WORK INSTRUCTION
Type out the lines below exactly, from the first through the line holding "Special - 360°", and include no pictures.

GIVEN RECORDS
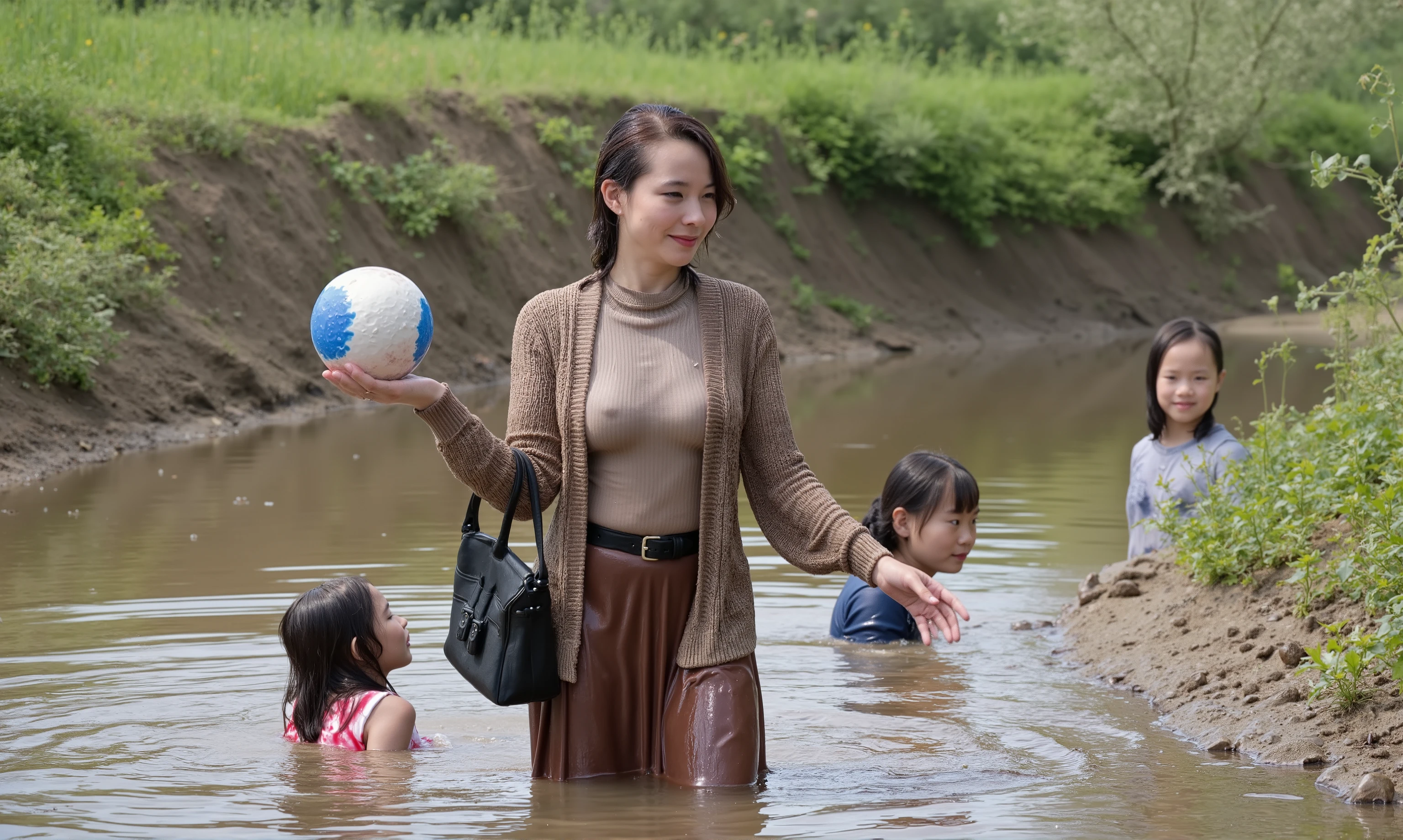 Professional photographic shot of a buxom Japanese lady wearing detailed soaking wet clothes. She has massive , black wet hair and is soaking wet in a thin light brown shape-wear turtleneck open dark brown cardigan, black belt, black handbag and a long dark brown skirt that is floating on the water. she is playing with a ball in a dirty sewer with her three Japanese daughters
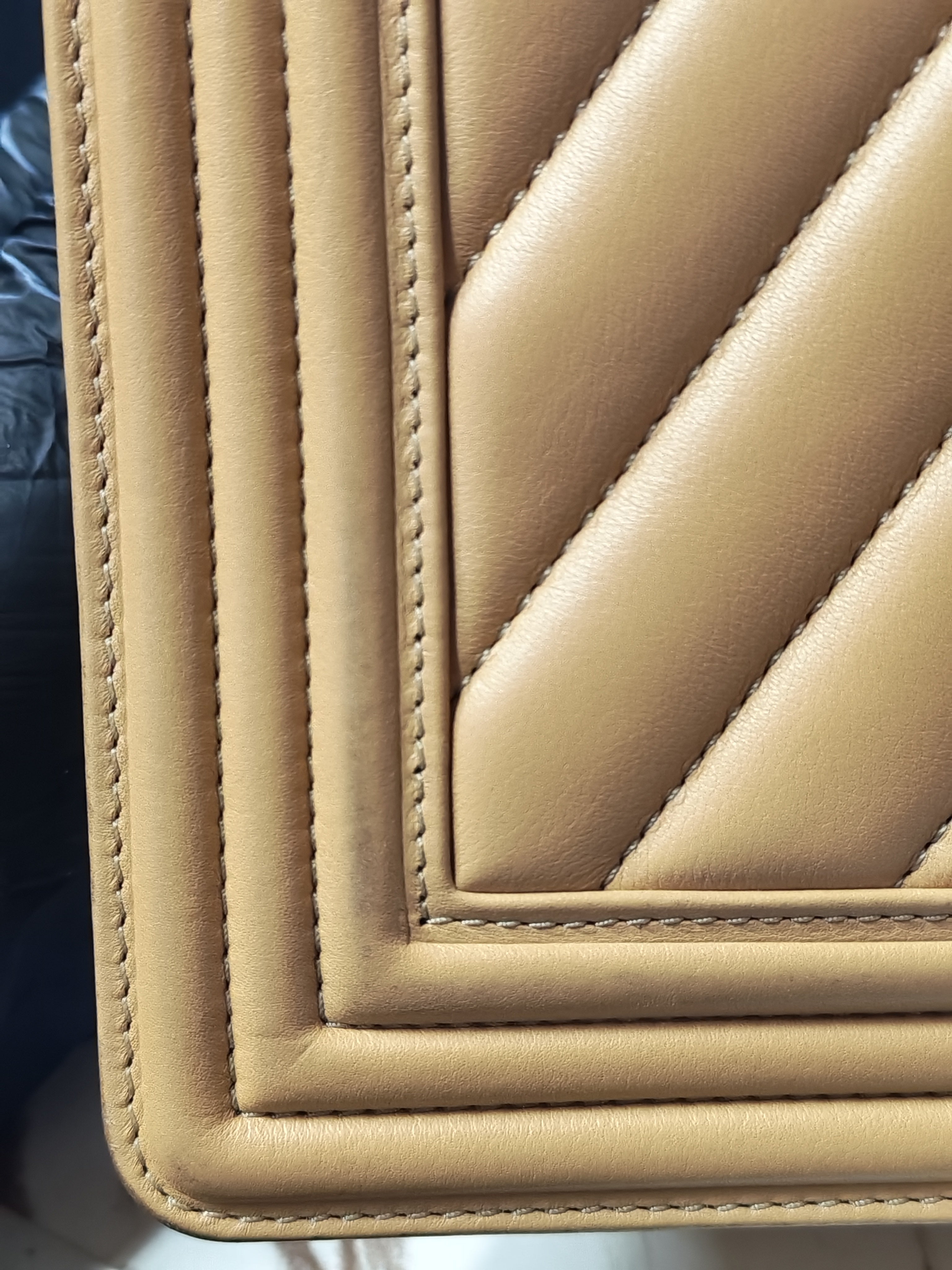 Boy Chevron Beige in Calfskin Leather and Ruthenium Hardware Series 22 | Purse Maison Luxury Bags Shop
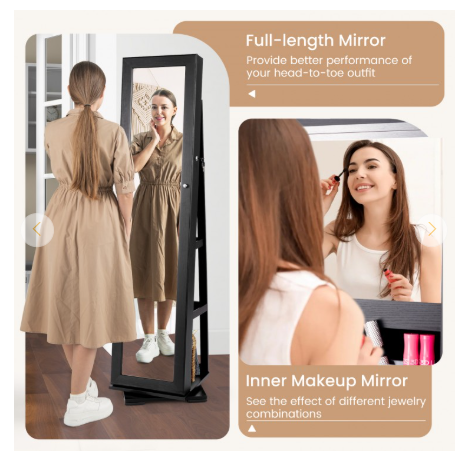 Special - 360° Rotatable 2-in-1 Lockable Jewelry Cabinet with Full-Length Mirror (Assembled)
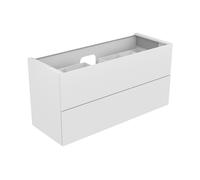 KEUCO EDITION 11 meuble sous-lavabo, 2 tiroirs frontaux, avec éclairage intérieur LED, 1400x700x535mm, 31362270100, 31362270100, Corpo/Fronte: Lacca satinata bianca / vetro satinato bianco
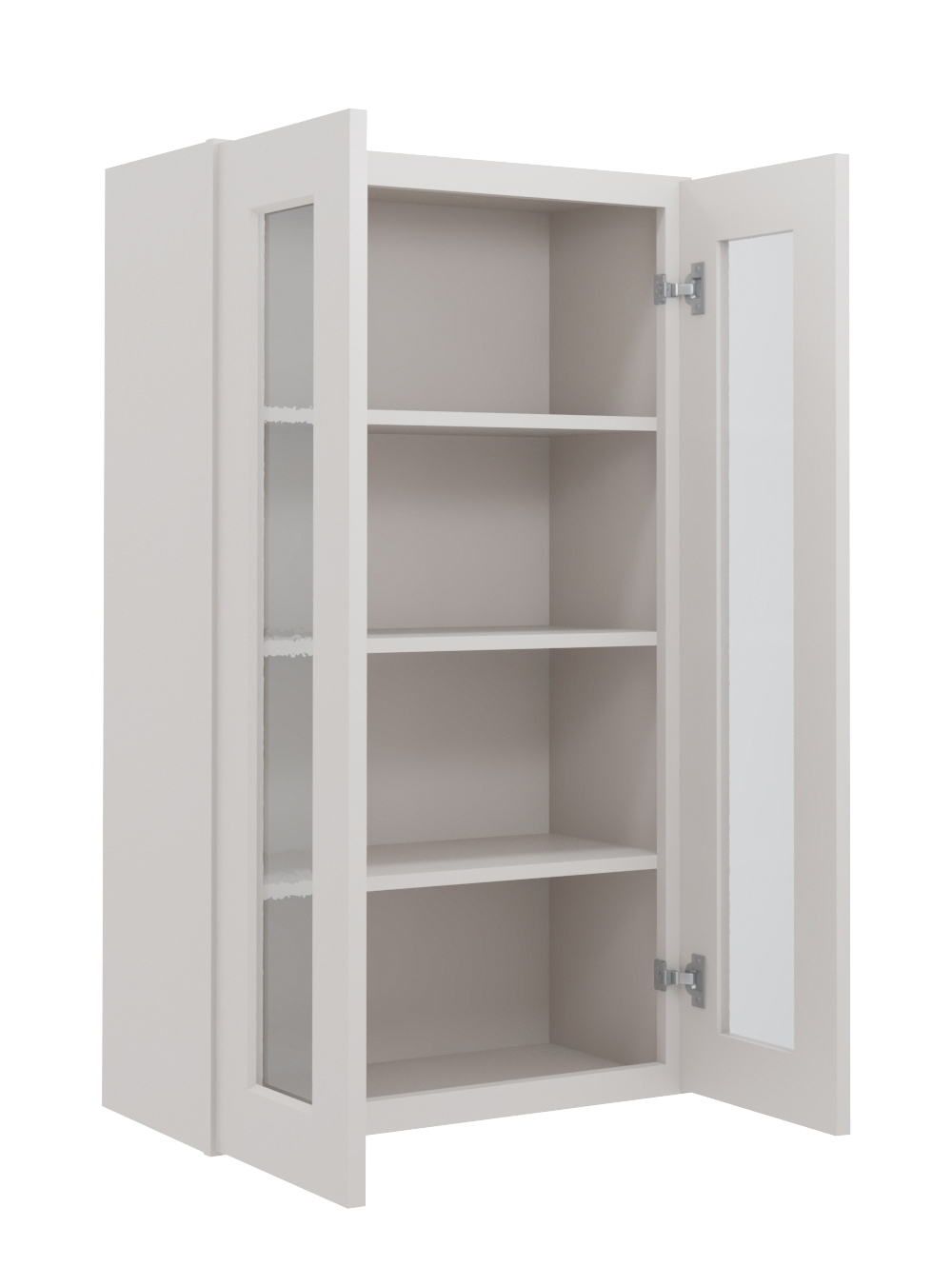 SD-W2442GD: Shaker Dove 24″ Glass Door Wall Cabinet Double Door 42″ Tall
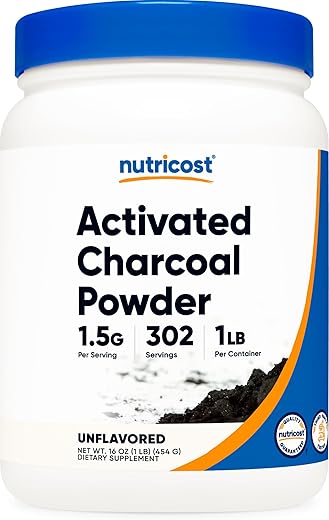Carvão Ativado em Pó 454g – Grau Alimentício, Pasta de Dente, Máscara Facial, Controle de Odor, Vegetariano, Sem Glúten, Não-OGM - Nutricost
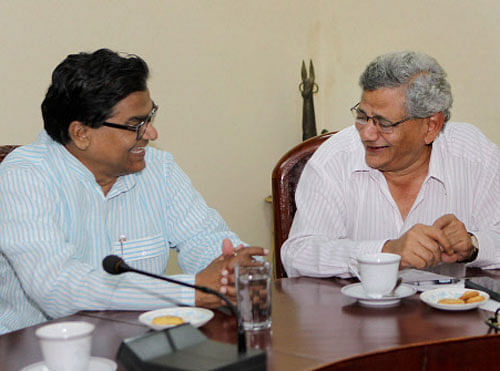 CPI (M) leader Sitaram Yechury with Samajwadi Party MP Ramgopal Yadav during a meeting for the preparation of Oct.30 Convention in New Delhi against Communalism, on Thursday. PTI Photo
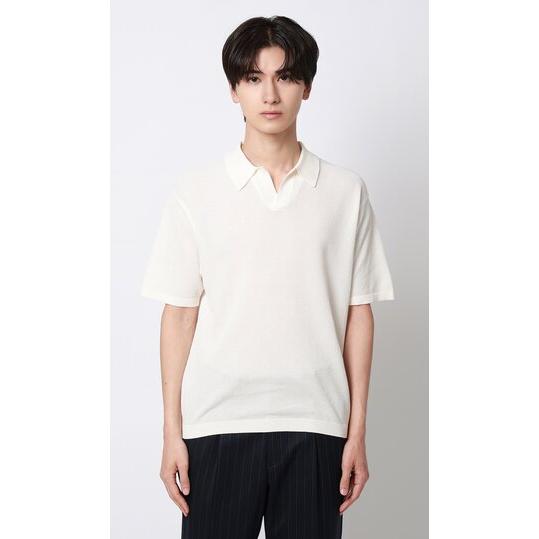 AOYAMA 【洋服の青山】和紙 ニットポロシャツ スキッパーカラー 半袖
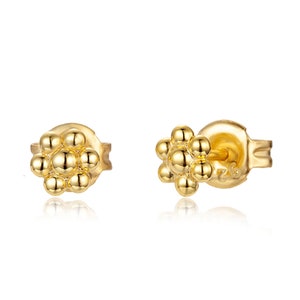 Petites boucles d'oreilles puces fleur boules,mini clous d'oreilles femme argent ou doré style minimaliste Or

ANSWER SPACE
 Professional photographic shot of a buxom Japanese lady wearing detailed soaking wet clothes. She has massive , black wet hair and is soaking wet in a thin light brown shape-wear turtleneck open dark brown cardigan, black belt, black handbag and a long dark brown skirt that is floating on the water. she is playing with a ball in a dirty sewer with her three Japanese daughters
 Boy Chevron Beige in Calfskin Leather and Ruthenium Hardware Series 22 | Purse Maison Luxury Bags Shop
 Special - 360° Rotatable 2-in-1 Lockable Jewelry Cabinet with Full-Length Mirror (Assembled)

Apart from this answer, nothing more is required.